Trial courts may depart from the sentencing guidelines "based upon circumstances or factors which reasonably justify *902 the aggravation or mitigation of the sentence in accordance with section 921.0016." § 921.001(6), Fla. Stat. (1993). Such aggravating circumstances occur when an offense is committed in an especially heinous, atrocious, or cruel manner, or when the victim suffers extraordinary physical or emotional trauma or permanent injury, or was treated with particular cruelty. §§ 921.0016(3)(b) & (l), Fla. Stat.(1993). Excessive brutality must be determined on a case by case basis. See Bellamy v. State, 677 So. 2d 390 (Fla. 2d DCA 1996)(reversing a departure sentence); Douglas v. State, 652 So. 2d 887 (Fla. 4th DCA)(upholding a departure sentence), rev. denied, 661 So. 2d 823 (Fla.1995); Harris v. State, 650 So. 2d 639 (Fla. 4th DCA), rev. granted, 658 So. 2d 990 (Fla.1995)(approving a departure sentence), approved, 674 So. 2d 110 (Fla.1996).

Appellant relies on Waychoff v. State, 624 So. 2d 392 (Fla. 2d DCA 1993), and argues that a defendant's sentence may not be enhanced based on violence committed by others. In Waychoff, the Second District reversed a departure sentence based on the brutality of the killing because the brutality was not at the hands of appellant. Id. The court stated that the "only evidence of [appellant's] participation was that she may have slapped [the victim] or hit him with her fists. There is nothing in the record revealing that this conduct caused excessive brutality to the victim." Id. at 395.

Here, appellant helped plan the murder, participated in collecting weapons, and helped lure Kent to the scene of the crime. He stabbed Kent first, knowing that this act would trigger the acts ultimately resulting in Bobby Kent's death. He chased Kent, crouched over him as he lay on the ground, and stood with others circling Kent while the co-defendants inflicted additional wounds. We reject appellant's argument that he only inflicted minor wounds on Bobby Kent. We affirm the departure sentence because the record shows that appellant actively participated in all phases of this heinous and excessively brutal murder.

The record does not contain evidence that appellant occupied a position of trust with Bobby Kent that facilitated the commission of the crime. See Davis v. State, 517 So. 2d 670 (Fla.1987).

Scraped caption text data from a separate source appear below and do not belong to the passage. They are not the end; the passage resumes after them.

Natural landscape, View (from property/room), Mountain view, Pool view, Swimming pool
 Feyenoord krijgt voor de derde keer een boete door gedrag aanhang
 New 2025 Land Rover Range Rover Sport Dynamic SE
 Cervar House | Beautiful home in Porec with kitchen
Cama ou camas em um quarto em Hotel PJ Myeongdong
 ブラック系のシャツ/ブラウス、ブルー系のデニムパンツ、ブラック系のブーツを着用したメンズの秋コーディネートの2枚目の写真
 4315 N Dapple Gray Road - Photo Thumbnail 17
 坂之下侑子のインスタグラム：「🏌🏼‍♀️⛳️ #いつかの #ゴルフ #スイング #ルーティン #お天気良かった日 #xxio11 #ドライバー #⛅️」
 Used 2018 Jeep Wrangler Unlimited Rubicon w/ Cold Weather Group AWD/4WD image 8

Therefore, breach of trust is an invalid reason for departure in this case. See Hankey v. State, 485 So. 2d 827 (Fla.1986); Grant v. State, 510 So. 2d 313 (Fla. 4th DCA 1987).

Accordingly, we affirm the trial court's departure from the sentencing guidelines based on the excessive brutality inflicted on Bobby Kent during the murder. See§ 921.001(6), Fla. Stat.

AFFIRMED.

STEVENSON, J., and COSTELLO, DEDEE S., Associate Judge, concur.

NOTES

[1] Heather Swallers, Lisa Connelly, Derek Kaufman, Derek Dzvirko, and Martin Puccio were also charged in the death of Bobby Kent. Appellant and Alice Willis were co-defendants.